As the world faces an ever impending environmental and energy crises as a result of fossil fuel burning, many groups including scientists and environmentalists are currently reviewing the latest developments in Nuclear Energy.
Although the world is still in shock after the Fukushima disaster which in turn reminded us of Chernobyl, many groups are at this moment pushing the latest research into Nuclear Energy as and alternative to fossil fuels.
NARRATION We know the greenhouse gas message. More extreme weather, more acidic oceans, more flooded coastlines. There is a remedy – switch to more carbon-free nuclear power.
Prof Peter Peterson It’s difficult for me to see how we can transition away from fossil fuels and not use significant amounts of nuclear energy.
NARRATION Even environmentalists have put this energy option on the agenda.
Prof Tim Flannery I can’t see an alternative to nuclear power, at least as part of that generation of base load.
Dr Graham Phillips But then came the Fukushima disaster in Japan, and that in turn reminded us of the Chernobyl accident a couple of decades earlier, and, in many people’s eyes, nuclear was back off the agenda. It was just too dangerous.
NARRATION We still don’t know how many years it will take to decontaminate this area, and for the thousands of displaced people to be able to return home.
Prof Derek Abbott My view is that nuclear power in any form is not sustainable on a global scale.
NARRATION After Fukushima, Japan is now talking about phasing out its nuclear reactors. Germany too is moving away from nuclear in favour of renewables.

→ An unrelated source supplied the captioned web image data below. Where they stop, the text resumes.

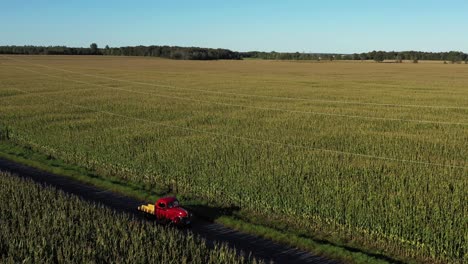 Oldtimer-Roter-LKW-Abgewinkelter-Rückflug-Durch-Maisfelder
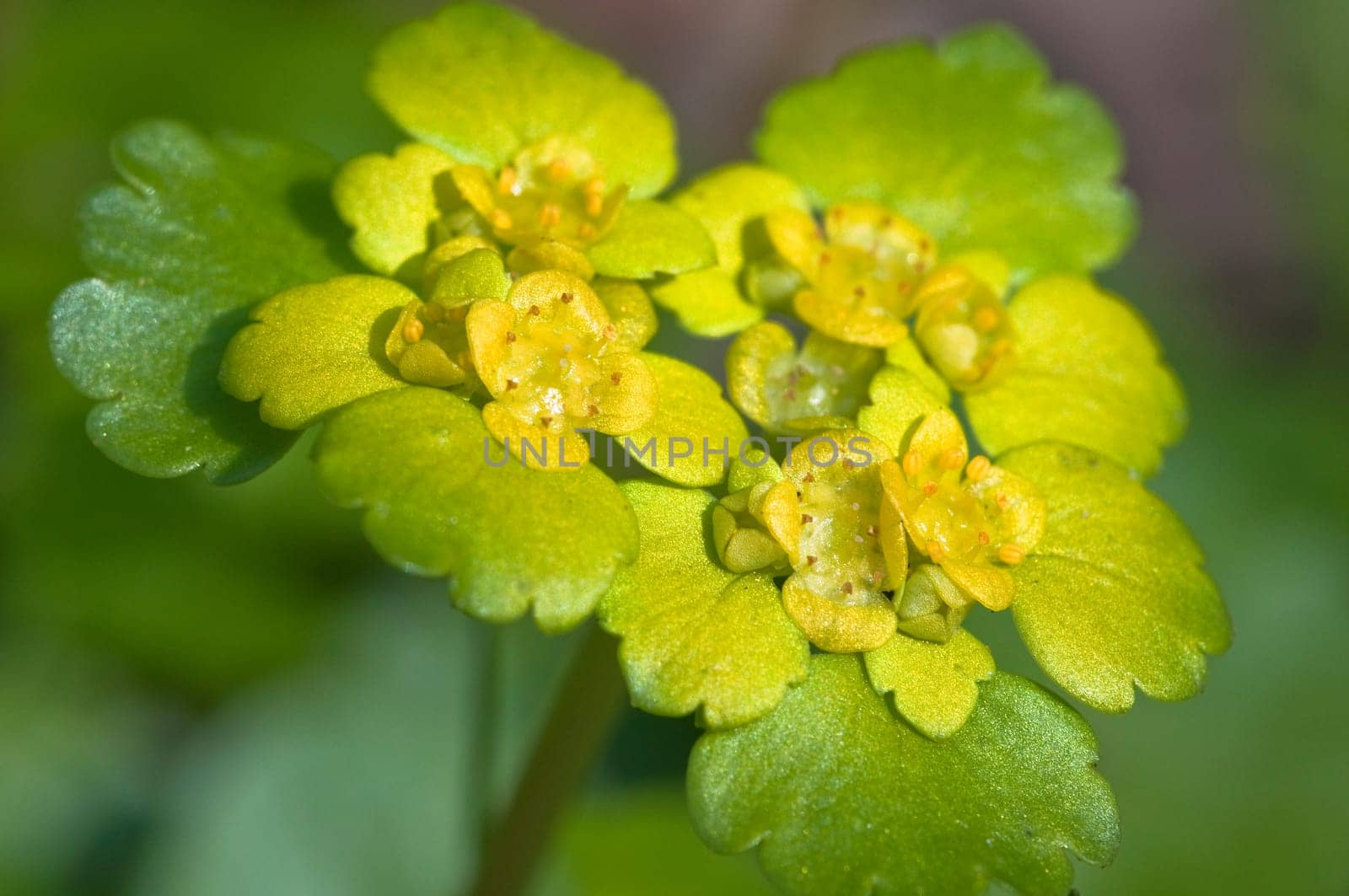 Chrysosplendium alternifolium - Chrysosplendium alternifolium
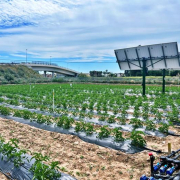A field of tomato plants with solar panels on one end of the field.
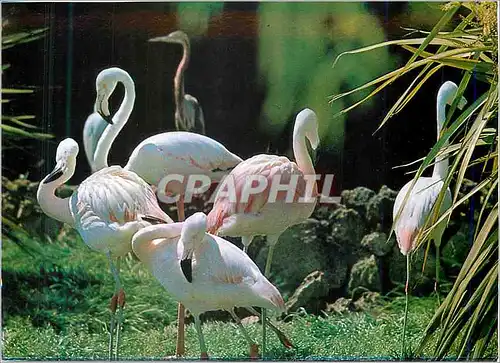 Cartes postales moderne Marineland Costa Brava Prov Barcelona Flamants roses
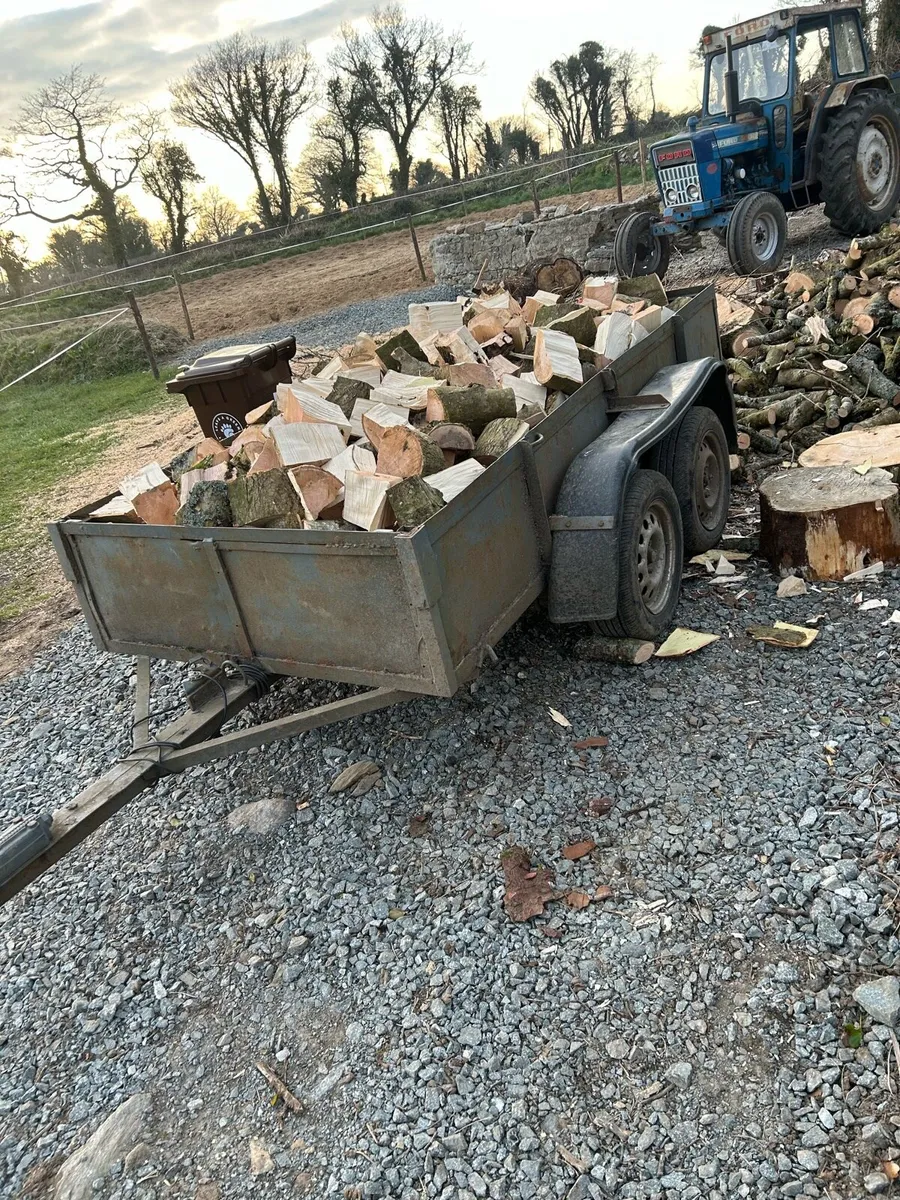 Firewood - Image 2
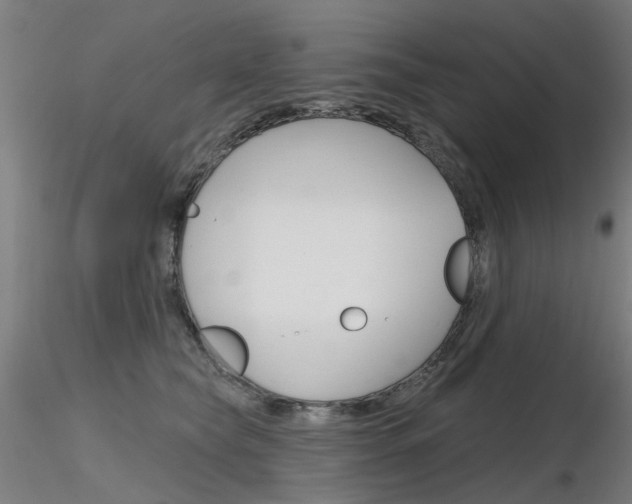 X0000116850565200912220944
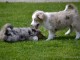 Magnifique chiots  berger australien 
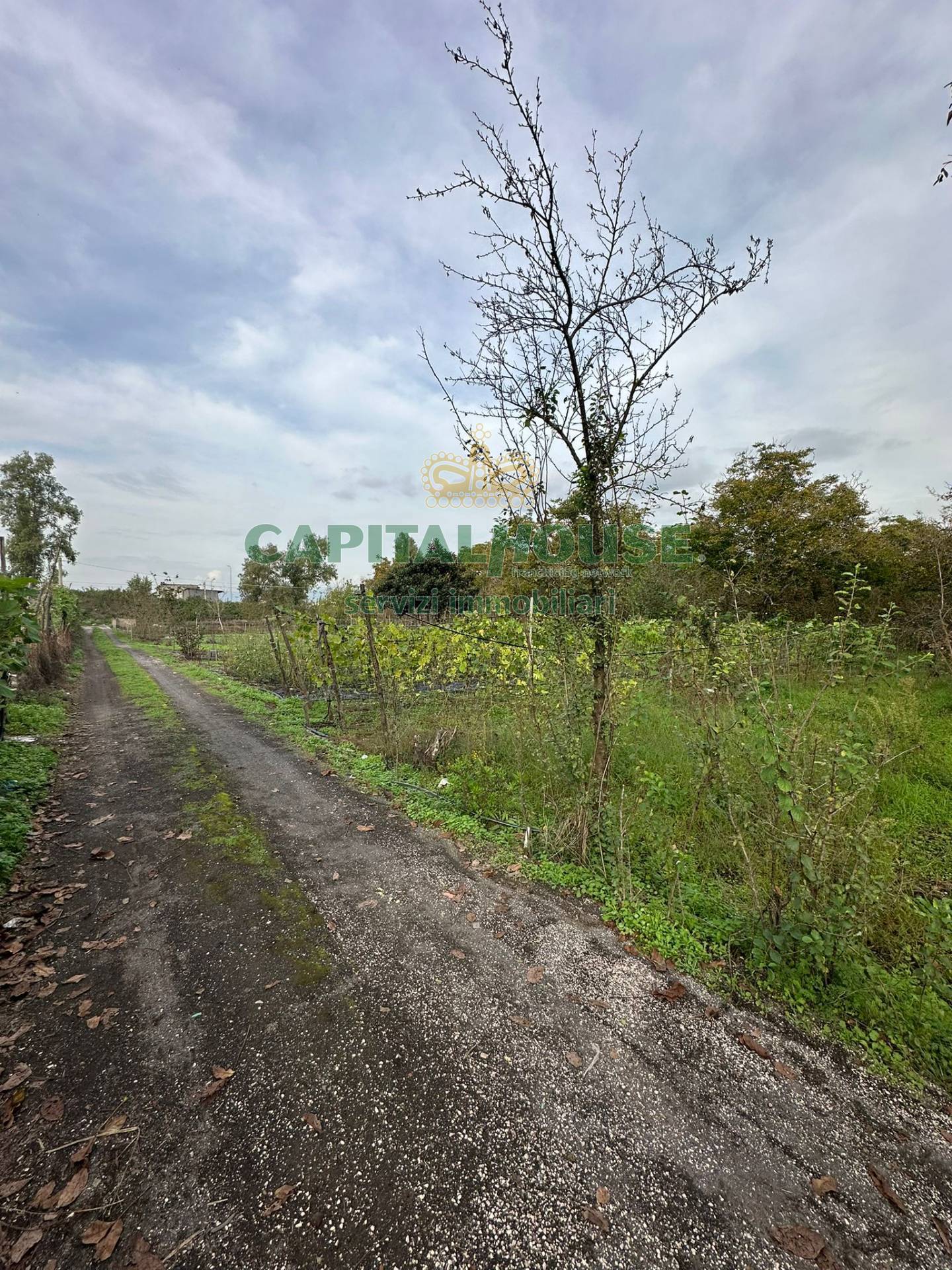 Terreno industriale in vendita a San Giuseppe Vesuviano
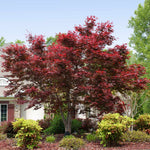 Bloodgoods have a burgundy red foliage in spring.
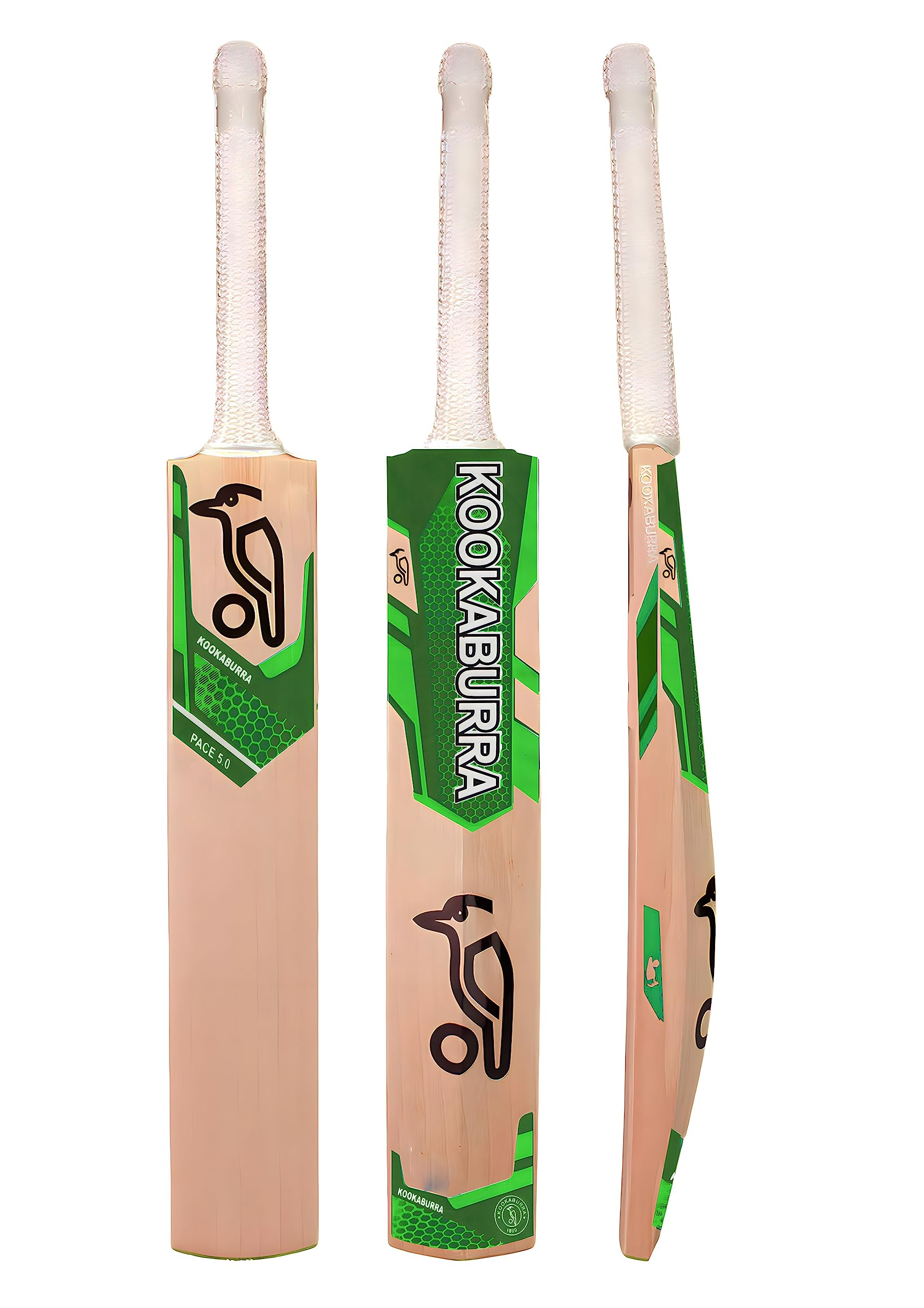 Florence Popular Willow Cricket Bat Full Size for Boys and Girls Advance Play…Multicolor (Popular Willow bat) (B0BZT44H1L) Amazon Price History, Amazon Price Tracker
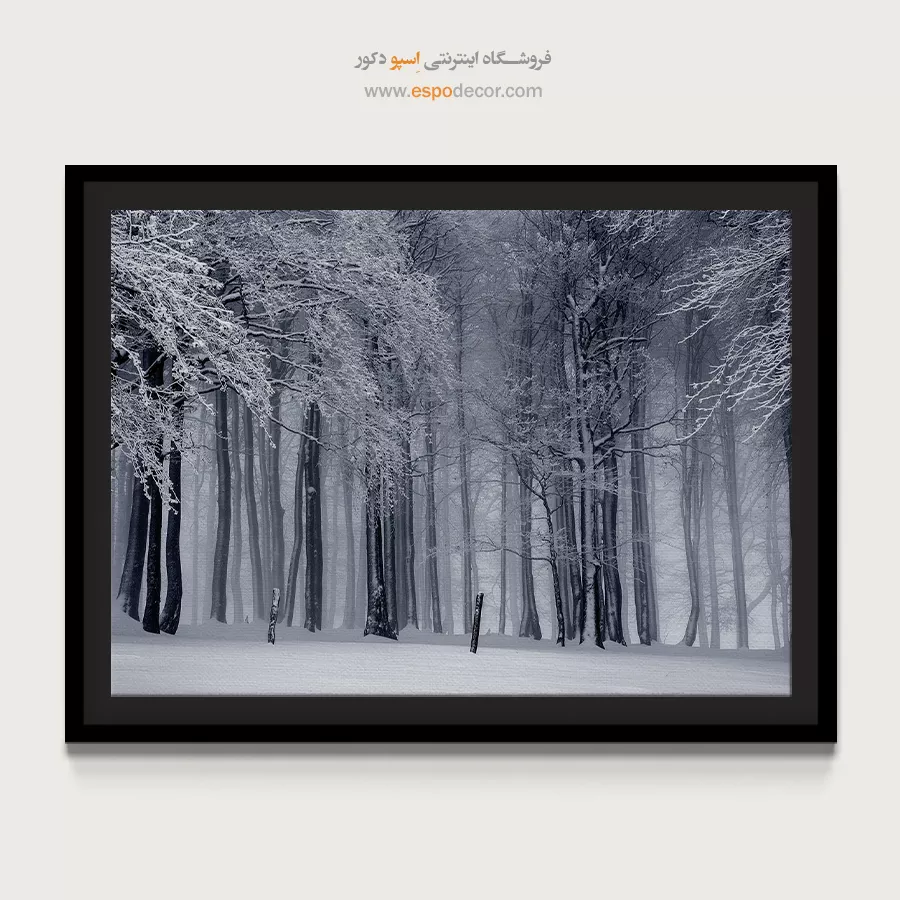 تابلو مدرن سیاه و سفید جدید - قلمرو مه – تابلو سیاه و سفید - اسپو دکور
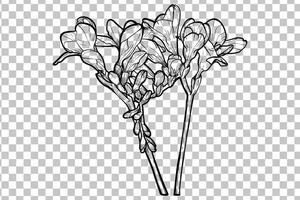 Hand drawn freesia flower. Spring flowers isolated with flowers, buds on stems. Black outline, no fill, with fine details. vector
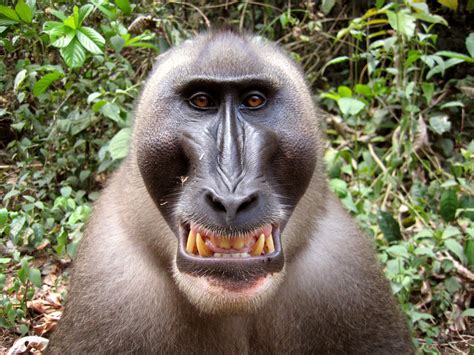 Did You Know That The Drill Monkey Is Native To Nigeria • Connect Nigeria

Prof Barry Brook I think the consequences of ignoring nuclear energy or shutting it down worldwide would be severe from a climate-change perspective.
NARRATION Should we embrace nuclear or not? Historically, our love hate relationship with the power of the atom goes back a long way. In the beginning, Marie Curie, who invented the word ‘radioactivity’, could see the great potential of nuclear for medicine. But in the 1940s, some big nuclear negatives exploded onto the scene. After the war came a push to love the atom again. Some peaceful uses never caught on, like using nukes for engineering.
Read more: Catalyst
The latest developments in Nuclear Energy is said to be a lot safer due to a process called “Pebble Reactors” Pebble reactors use nuclear fuel that has two protective coatings around the radio active fuel element of the reactor. These protective coatings are said to stop the radiation leaking into the environment in the event of a disaster.
Despite the apparent “safer” advantages of the new generation of nuclear power plants and the development of ‘safer” fuels, many countries have grown cold feet when it comes to nuclear energy.
OECD countries, such as Switzerland, Italy and Belgium, are getting cold feet regarding their nuclear plans, while Austria, Denmark and New Zealand have completely excluded nuclear as part of their energy mix.
Read more: Vancouver Sun
Nuclear Reactors new or old follow the basic principle of boiling water to spin turbines. There is one giant heat source that provides us with free energy “to Burn” every day… And that source is the Sun!
As the world continues to face an energy crisis in order to meet the appetites of an ever increasing population, wouldn’t it make sense to harness the awesome power of the Sun.
The Sun’s power (about 386 billion billion megawatts) is produced by nuclear fusion reactions. Each second about 700,000,000 tons of hydrogen are converted to about 695,000,000 tons of helium and 5,000,000 tons (=3.86e33 ergs) of energy in the form of gamma rays. As it travels out toward the surface, the energy is continuously absorbed and re-emitted at lower and lower temperatures so that by the time it reaches the surface, it is primarily visible light. For the last 20% of the way to the surface the energy is carried more by convection than by radiation.